- Work item -
The required result is an exact copy of every line from the one with "Paper Napkin - Trois Magnolia Blanc" through the last line below, with the pictures left out.

- Supplied data -
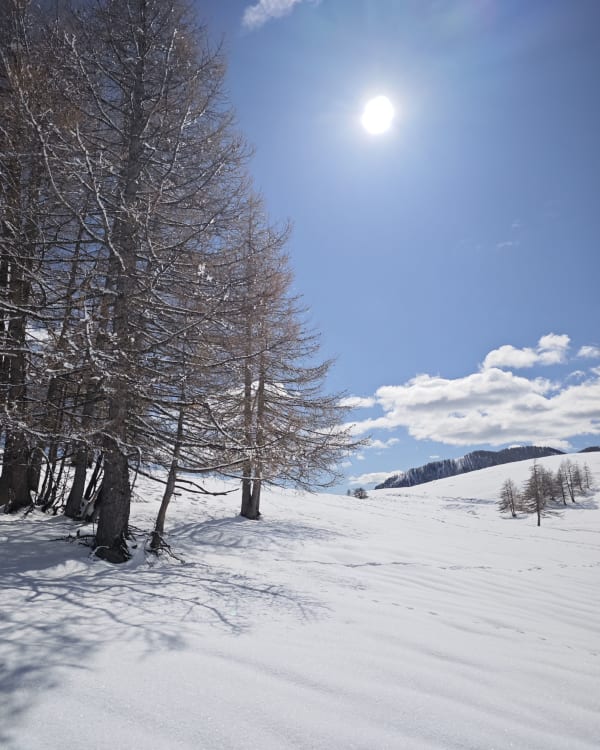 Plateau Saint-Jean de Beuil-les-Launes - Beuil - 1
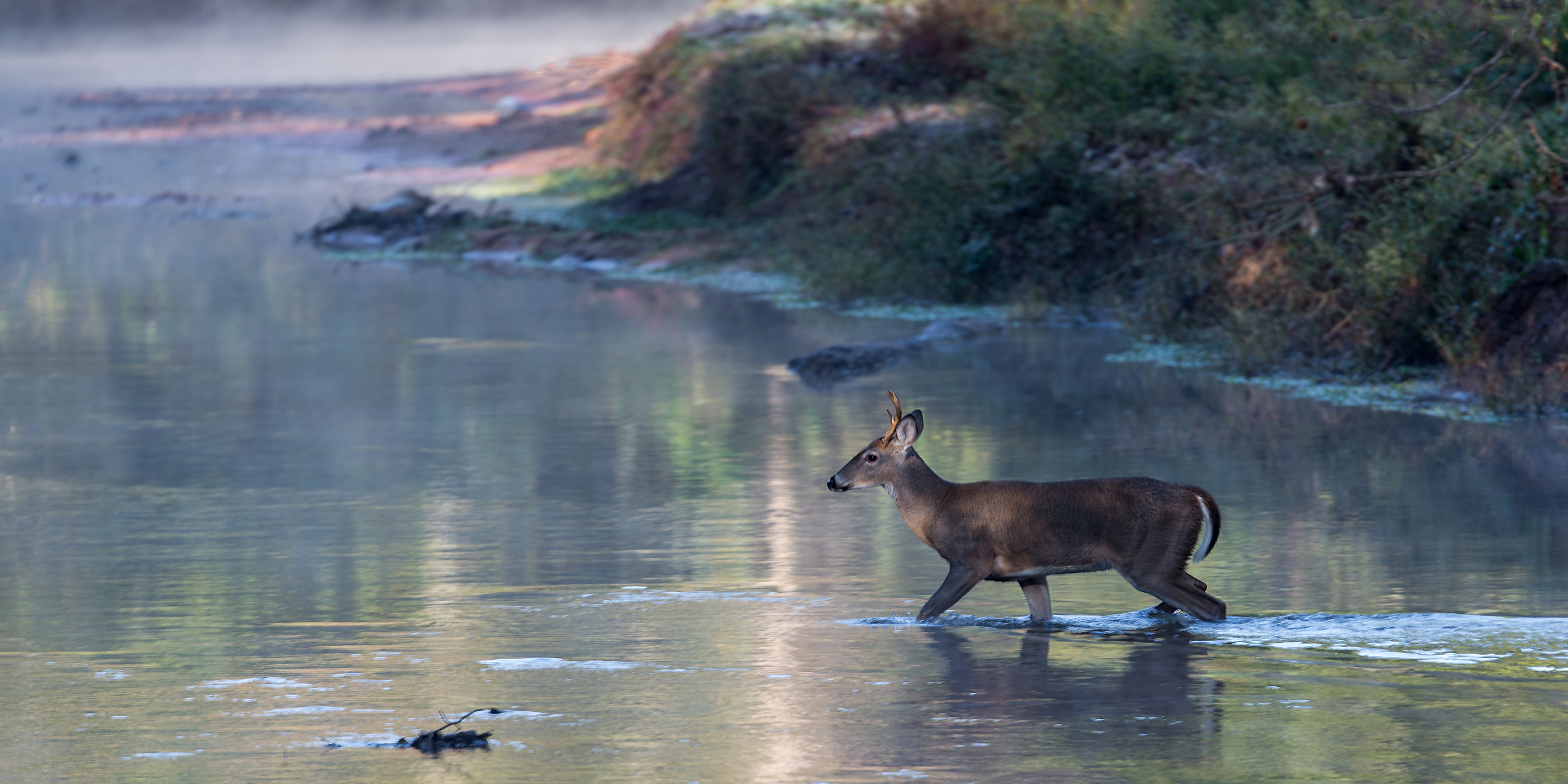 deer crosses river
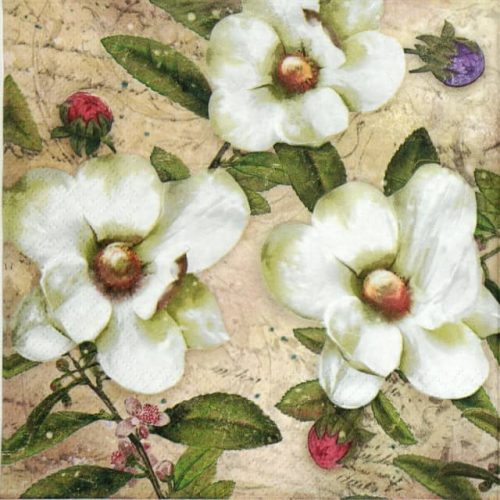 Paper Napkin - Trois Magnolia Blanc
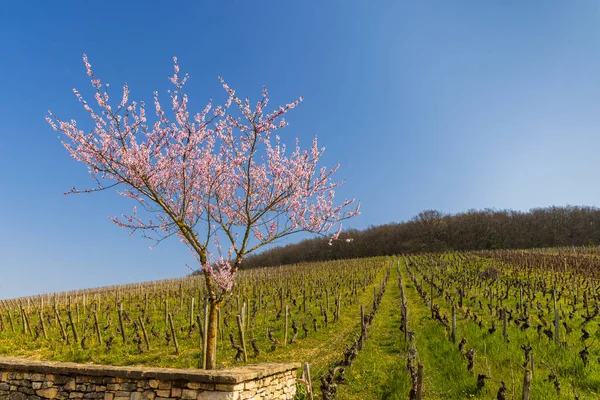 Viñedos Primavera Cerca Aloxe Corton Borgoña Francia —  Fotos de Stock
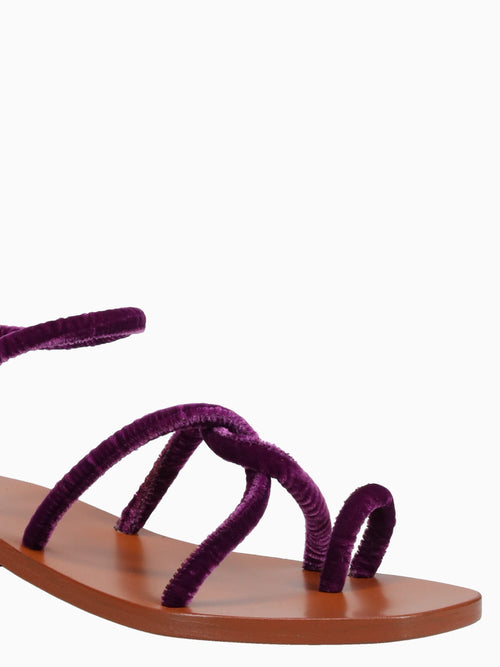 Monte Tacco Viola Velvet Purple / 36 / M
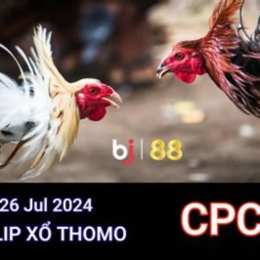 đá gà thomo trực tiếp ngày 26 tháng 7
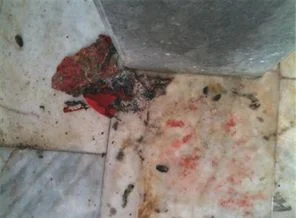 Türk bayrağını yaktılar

- Task result -
 Paper Napkin - Trois Magnolia Blanc
 Viñedos Primavera Cerca Aloxe Corton Borgoña Francia —  Fotos de Stock
 Monte Tacco Viola Velvet Purple / 36 / M
 đá gà thomo trực tiếp ngày 26 tháng 7
 Türk bayrağını yaktılar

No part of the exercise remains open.